L'INTERVISTA. Giuseppe Filidoro racconta la sua opera: "L'ultimo bagliore"

L'INTERVISTA. Giuseppe Filidoro racconta la sua opera: "L'ultimo bagliore" Featured

"L'ultimo bagliore" (Ed. Osanna 2017) è il nuovo libro di Giuseppe Filidoro, Psicoanalista della Società Psicoanalitica Italiana e dell'International Psychoanalytical Association, Direttore Scientifico dell’Associazione Psicoterapeuti "La Recherche". Lucano di origine (di Lavello), dal ’71 ha sempre vissuto altrove; ora a Padova.

“Betta vive la sua esistenza incolore. La sua inquietudine, fin da quando era bambina, si traduce in un’angoscia sorda e costante, Un evento catastrofico che coinvolge il suo paese di origine, la porta nei luoghi del passato, alla ricerca dei pezzi mancanti della sua identità, da sempre sentita incompleta. Un viaggio verso i luoghi delle sue origini e dentro di sé, per ricostruire una storia che la definisca, in un confronto a tratti drammatico con se stessa e con le figure significative della sua infanzia e adolescenza. Sullo sfondo, un evento lontano nel tempo, un amore malato esitato in tragedia, origine della trama di dolore”, tratto dalla quarta di copertina.

Da dove nasce l'idea di scrivere il suo ultimo libro?

“La spinta a scriverlo è stata del desiderio di dire qualcosa sull'importanza delle prime esperienze di vita, traumatiche o meno, nel destino psichico di ognuno di noi. In seguito, partendo da questa idea iniziale, si sono aggiunti altri temi nati dall'intreccio della trama”.
Qual è il messaggio che vuole lanciare con “L’ultimo bagliore”?

“Il messaggio è implicito dall'idea da cui trae origine il libro: c'è un modo interiore che condiziona la nostra esistenza e la nostra identità, da cui l'importanza di dare valore alla vita interiore e alla continua scoperta di sé”.

“La consultazione psicodinamica”, “Il silenzio della neve" e "L'ultimo bagliore". Esiste un filo conduttore che accomuna tutti e tre i suoi libri?

Il primo libro, diretto agli psicoterapeuti, è di tecnica psicoanalitica. Gli ultimi due (romanzi) viaggiano sulla stessa linea d’onda: l'influenza del passato nel presente e l'importanza della vita interiore.
I due romanzi influenzati dalla sua professione?

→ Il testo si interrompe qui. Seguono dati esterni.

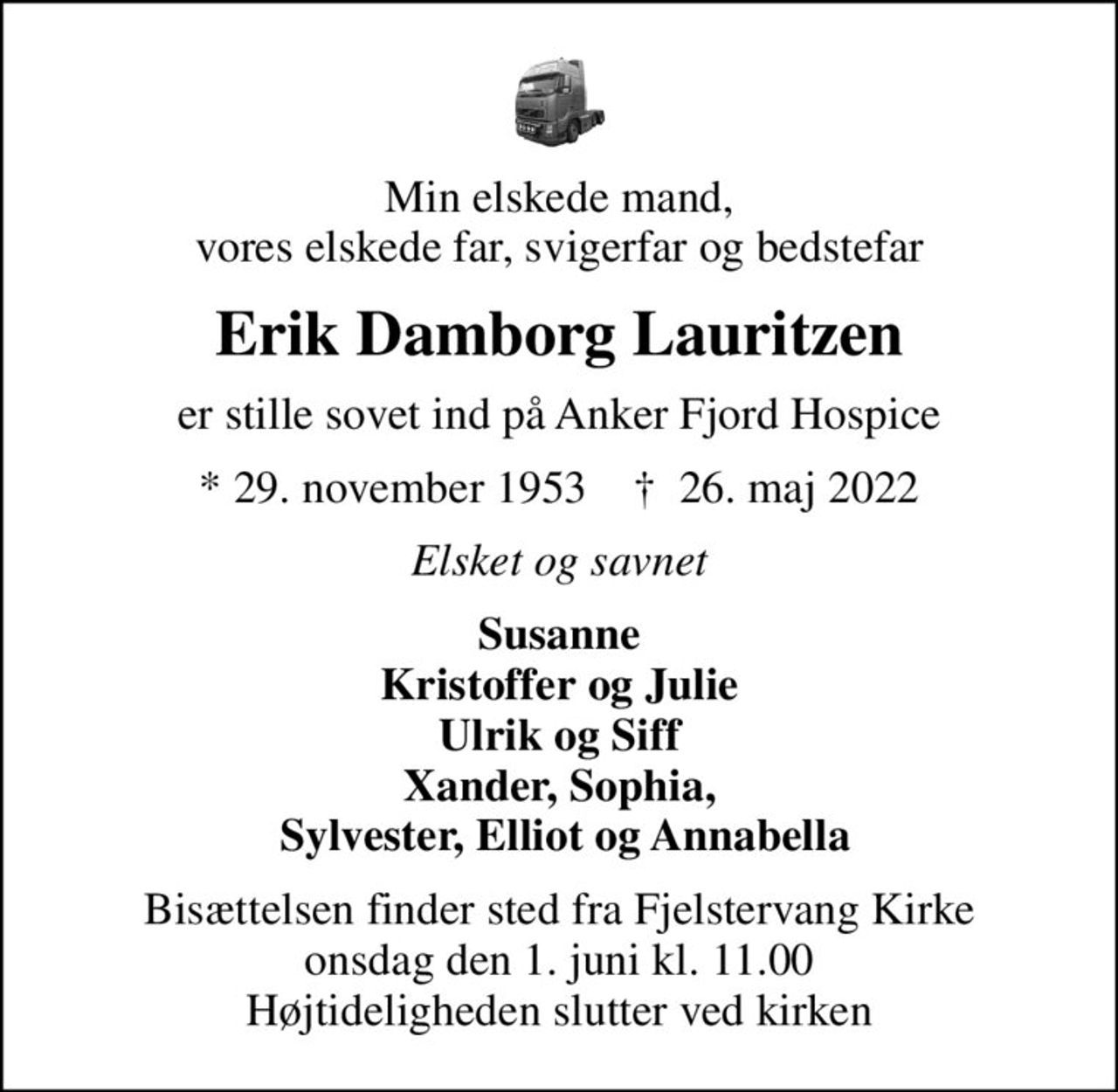 Min elskede mand, vores elskede far, svigerfar og bedstefar
Erik Damborg Lauritzen
er stille sovet ind på Anker Fjord Hospice
* 29. november 1953    ✝ 26. maj 2022
Elsket og savnet
Susanne Kristoffer og Julie Ulrik og Siff Xander, Sophia,  Sylvester, Elliot og Annabella
Bisættelsen finder sted fra Fjelstervang Kirke  onsdag den 1. juni kl. 11.00  Højtideligheden slutter ved kirken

“Essere uno psicoanalista, in quanto tale abitualmente attento al mondo affettivo/emozionale credo che in qualche modo dia segno di sé in entrambi i romanzi”.
Scrivere per lei vuol dire?

“Ho iniziato a scrivere da poco, anche se scrivere mi piace da sempre. Ora scrivere per me è diventato un modo irrinunciabile per accedere ad aspetti profondi di me stesso e un nuovo modo di comunicare ad altri (i lettori) il mio pensiero e il mio mondo emozionale”.

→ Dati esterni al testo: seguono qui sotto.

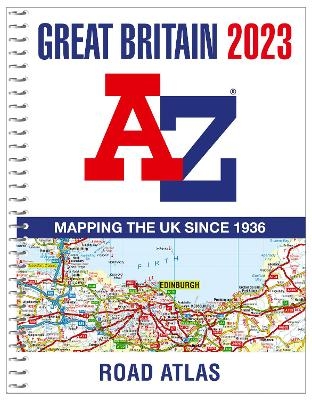 Great Britain A-Z Road Atlas 2023 (A4 Spiral)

La scrittura può essere intesa come un atto terapeutico per se stessi?

“Lo scrivere credo abbia anche questa funzione. Comunque sia, per me è sicuramente così. È guardare aspetti di sé da un’altra prospettiva e magari farli vivere nei personaggi di un romanzo”.

Quanto hanno segnato le sue radici lucane nel suo essere scrittore?

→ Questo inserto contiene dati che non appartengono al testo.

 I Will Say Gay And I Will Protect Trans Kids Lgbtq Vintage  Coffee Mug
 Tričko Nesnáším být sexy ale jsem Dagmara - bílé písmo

“Il desiderio di scrivere il mio primo romanzo "Il silenzio della neve" nasce da un vissuto nostalgico per i luoghi delle mie radici. Esso rappresenta per me un ritorno e una rivisitazione del passato come atto d'amore per il mio paese”.

Un ritorno, dunque, nella sua amata terra che lo vede annualmente protagonista in vari eventi culturali.